Teria saído na frente o país que escutasse quem falava de transversalidade dez anos atrás; engavetado Belo Monte e sua coleção de violações ambientais e sociais; licenciado com mais cuidado as obras do PAC ; e colocado o plano completo de controle do desmatamento da Amazônia em curso. Agora o Brasil precisa correr atrás desse passivo e do que veio a reboque, incluindo a boiada bolsonarista, e Marina sabe disso.
“O papel do MMA não é ser um entrave às justas expectativas de desenvolvimento econômico e social de nossa população, mas de um facilitador para orientar a forma como essas demandas podem ser atendidas sem prejuízo da necessária proteção de nossos recursos naturais”, resumiu a Marina de 2023 em sua cerimônia de posse.
O legado de desmatamento e queimadas deixado por Bolsonaro é uma das maiores manchas sobre a imagem do Brasil no exterior, nublando relações diplomáticas e comerciais, em especial ligadas ao agronegócio e investimentos. Mesmo quem ainda não consegue soletrar transversalidade sabe que a recuperação da confiança internacional passa por incorporar o meio ambiente ao discurso das políticas públicas.
Alguns minutos antes de Marina discursar, o ministro da Casa Civil, Rui Costa, falou em alto e bom som: “Marina, pode contar conosco, com o melhor que tem de cada um de nós ministros, porque a Casa Civil da Presidência da República expressará todos os dias, garantindo que o meio ambiente seja visto de forma transversal em todos os ministérios da República.”
Bem diferente de seus antecessores José Dirceu e Dilma Rousseff, o baiano soube entoar o canto certo para a acreana. Outros novos ministros também têm seguido a cartilha: do vice-presidente Geraldo Alckmin (Desenvolvimento, Indústria e Comércio) a Carlos Fávaro (Agricultura), de Fernando Haddad (Fazenda) a Flávio Dino (Justiça), todos incorporaram a defesa ambiental em seus discursos recentes.
Claro que Marina sabe que, do discurso à prática, corre um rio do tamanho do Amazonas. Além do esperado ranger de dentes de quem ainda vê meio ambiente como impedimento à economia, esses mesmos ministros têm contas com um passado recente.
Costa, quando foi governador da Bahia, flexibilizou o licenciamento ambiental para atividades em campo ao arrepio da lei federal, facilitando o desmatamento no estado. A gestão de Dino como chefe do Executivo do Maranhão esteve envolvida em polêmicas licenças para desmatar áreas reservadas a quilombolas.

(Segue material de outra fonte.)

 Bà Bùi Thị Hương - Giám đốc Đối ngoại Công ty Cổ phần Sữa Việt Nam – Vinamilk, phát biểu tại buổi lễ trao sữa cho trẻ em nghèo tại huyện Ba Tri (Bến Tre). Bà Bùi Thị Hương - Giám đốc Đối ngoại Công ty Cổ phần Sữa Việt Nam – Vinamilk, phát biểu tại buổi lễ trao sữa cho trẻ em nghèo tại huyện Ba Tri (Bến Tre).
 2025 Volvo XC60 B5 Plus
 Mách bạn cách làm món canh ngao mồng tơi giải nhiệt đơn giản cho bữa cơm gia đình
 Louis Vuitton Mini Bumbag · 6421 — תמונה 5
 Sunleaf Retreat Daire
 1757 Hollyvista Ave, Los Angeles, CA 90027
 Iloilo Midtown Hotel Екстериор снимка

O senador Fávaro, relator do PL da Grilagem, aprovou, em seu parecer, a anistia de uma série de invasões irregulares de terras. E, na conta de Alckmin, está a criação de Ricardo Salles como personagem político, ao nomeá-lo como secretário de Meio Ambiente de São Paulo em 2016. Haja apoio à pauta ambiental transversal para apagar essa boiada.
A atual legislatura do Congresso Nacional tende a resistir às mudanças, com uma bancada ruralista forte e conservadora, e a pautas antiambientais. Está em tramitação o PL do Veneno, que amplia a liberação de agrotóxicos. Conquistar o apoio parlamentar passa necessariamente por uma negociação sobre essas questões, sob o risco de Lula 3 sofrer o mesmo baque de Dilma 1, que sangrou no embate com ruralistas em torno do novo Código Florestal, em 2012.

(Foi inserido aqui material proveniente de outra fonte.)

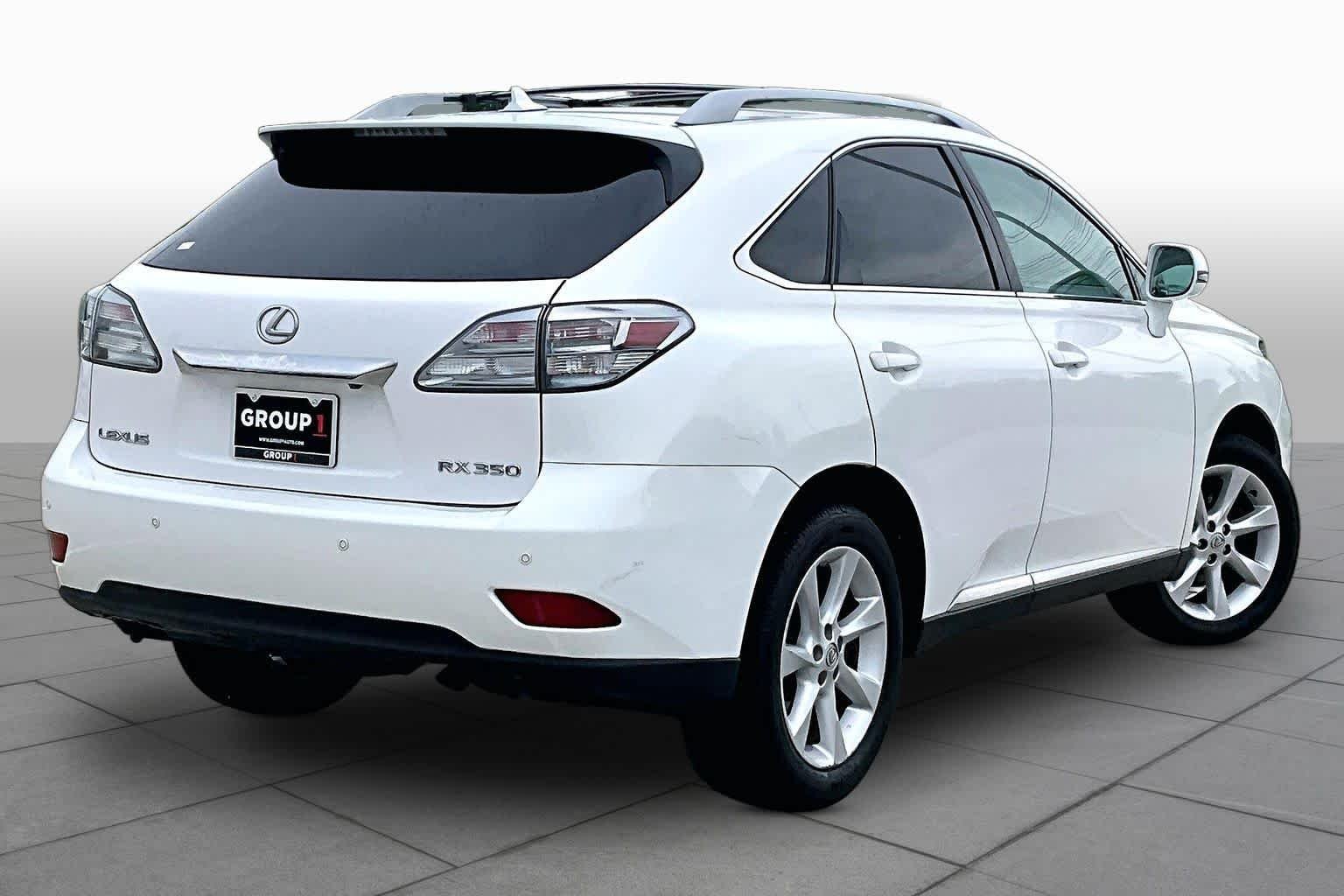 Used 2010 Starfire Pearl Lexus  image 12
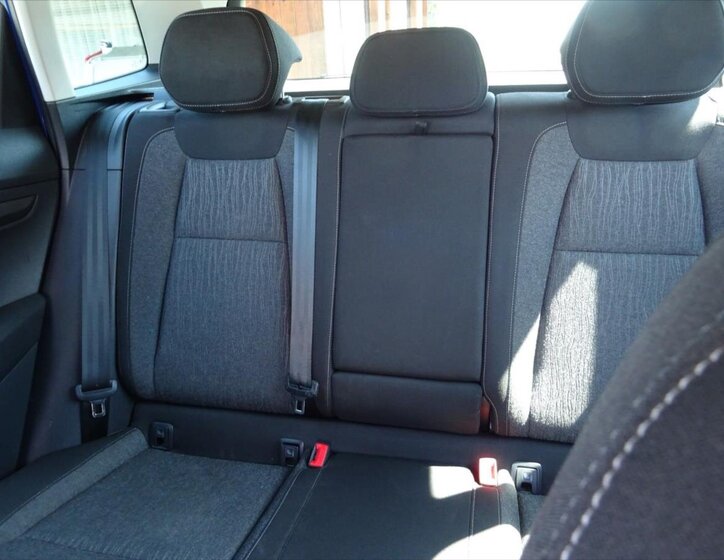 Škoda Karoq SUV 999,0 85 kw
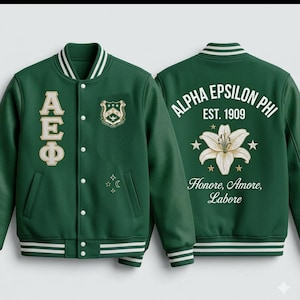 Può includere: Giacca college verde con strisce bianche su colletto, polsini e orlo. Il davanti presenta le lettere greche ΑΕΦ, uno stemma e stelle e lune. Il retro mostra "ALPHA EPSILON PHI EST. 1909" e un fiore di giglio.
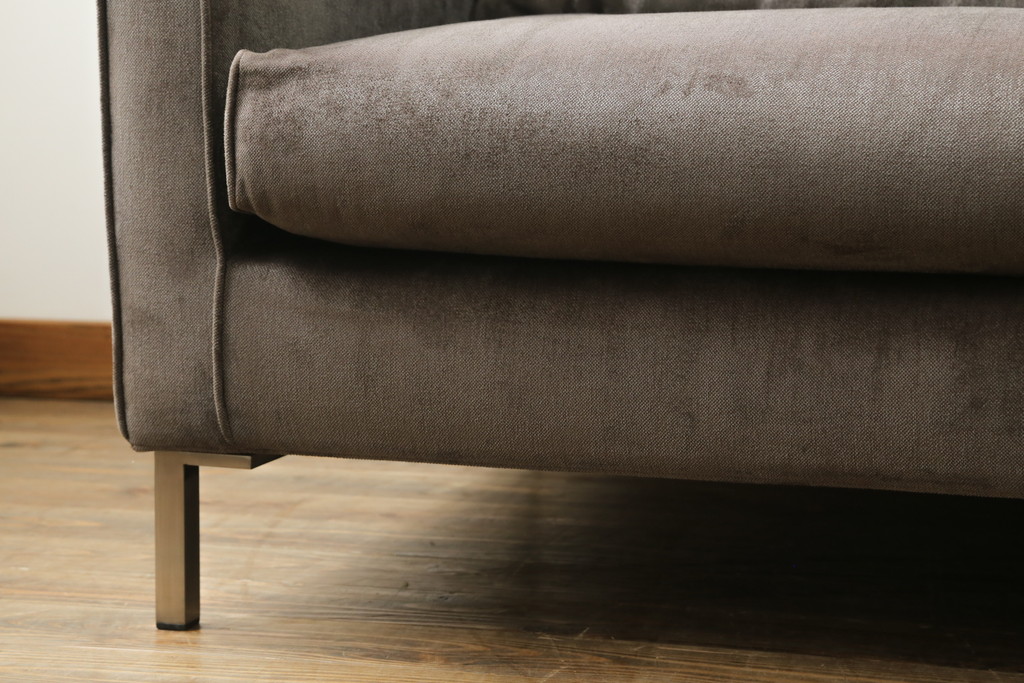中古　2020年購入　ACTUS(アクタス)取扱い　eilersen(アイラーセン) GROUP-E MELLOW(メロー)　ストリームラインソファ(STREAMLINE SOFA)　シンプルモダンな佇まいが魅力のヘッドレスト付き2人掛けソファとオットマンのセット(二人掛け、2P、フットスツール、北欧)(定価約68万円)(R-074560)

Mover todas essas peças em torno da transversalidade real da pauta ambiental vai exigir da Marina de hoje a força e a habilidade políticas que faltaram quinze anos atrás. Também coloca à prova o apoio de Lula ao novo MMA. De pouco vale ampliar o espaço para a ministra se os mesmos erros de outrora se repetirem no presente.

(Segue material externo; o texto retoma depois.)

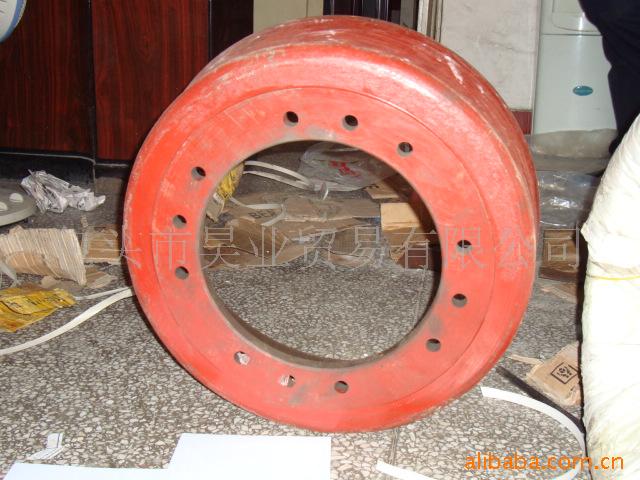 特雷克斯TEREX 3303  3304  3305用09010012前刹车毂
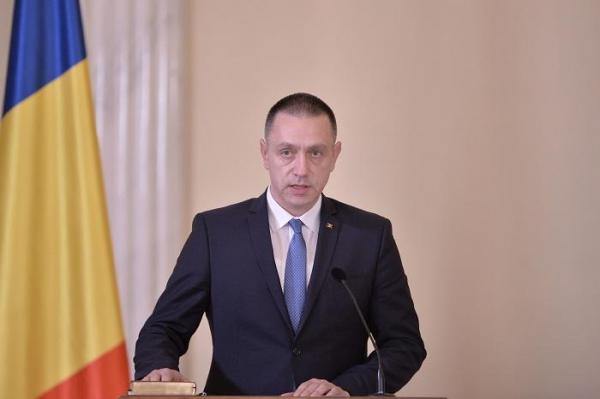 Ministrul Mihai Fifor a mers în vizită la baza militară din Kandahar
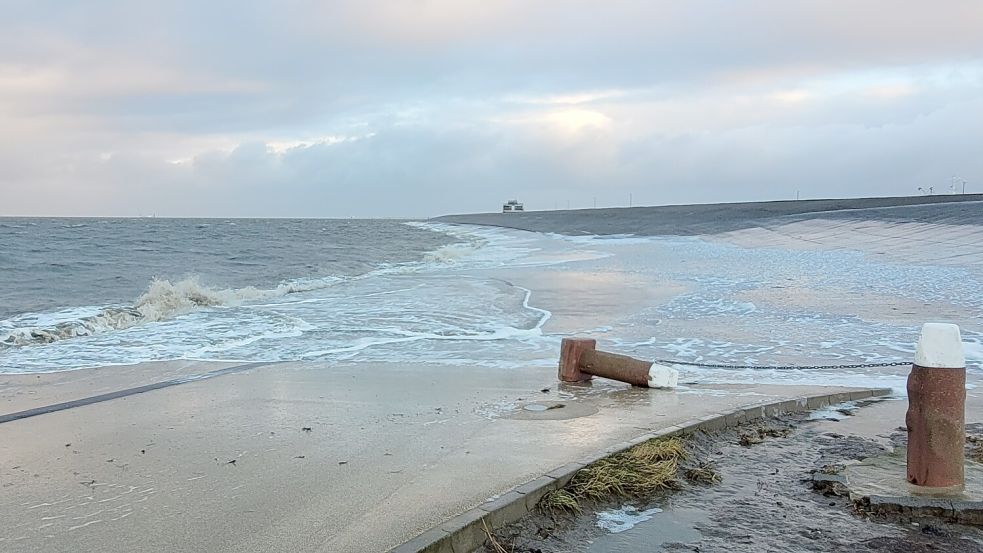 Auch bei ablaufendem Hochwasser peitschte der Wind das Wasser über die Kaikante. Foto: Rebecca Kresse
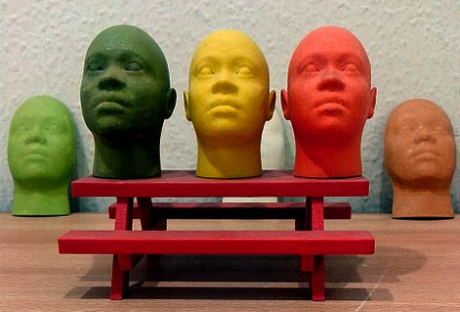 Miniature human face models made through 3D Printing. 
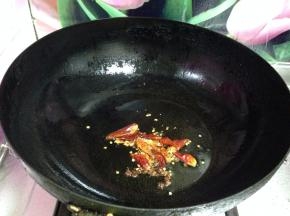 热锅凉油下入花椒和辣椒小火炸至变色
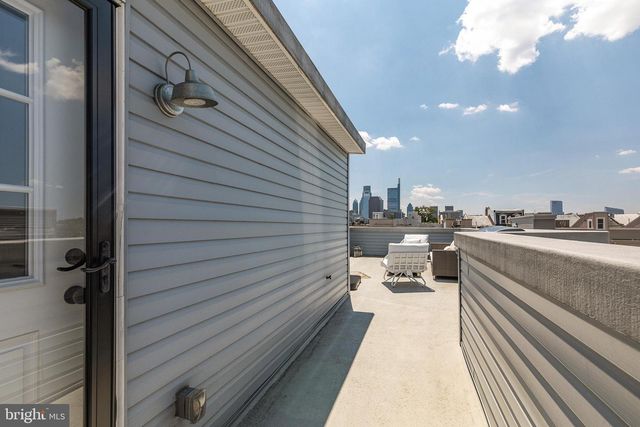 1935 CAMBRIDGE ST, Philadelphia, PA 19130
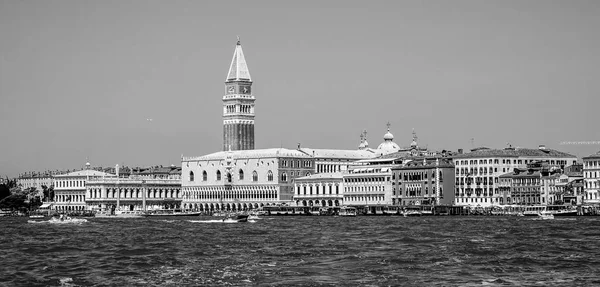 Szeroki kąt widzenia nad panoramę Wenecji na San Marco — Zdjęcie stockowe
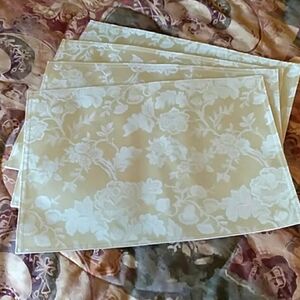 Decorative Placemats NWT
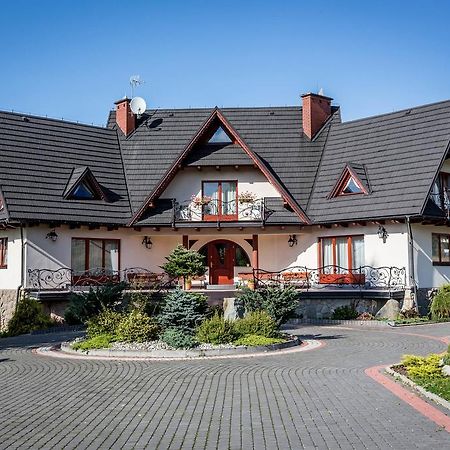 Sykowny Dworek Apartamenty コシチェリスコ エクステリア 写真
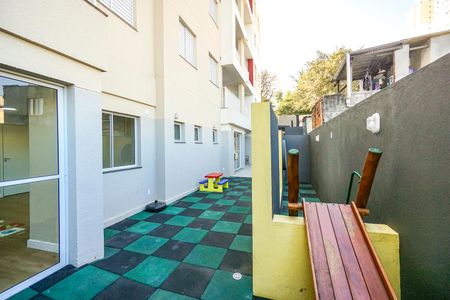 Apartamento à venda com 40m², 2 quartos e sem vagaÁrea comum - Playground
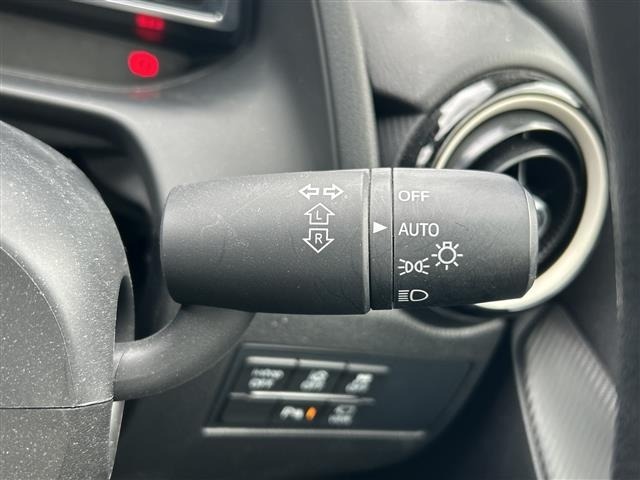 Mazda MAZDA2 2023 7561389-5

A favor dela, consta o fato de o sucesso de sua pasta servir como grande validador internacional de prestígio e respeito internacionais, o que o Brasil precisa rapidamente reconquistar. “Que a gente deixe de ser o pior cartão de visita para os nossos interesses estratégicos e passe a ser o melhor cartão de visita”, afirmou na posse. Se a história vai se repetir quinze anos depois, e a transversalidade vai ser novamente a nota de uma ambientalista só, os próximos meses dirão.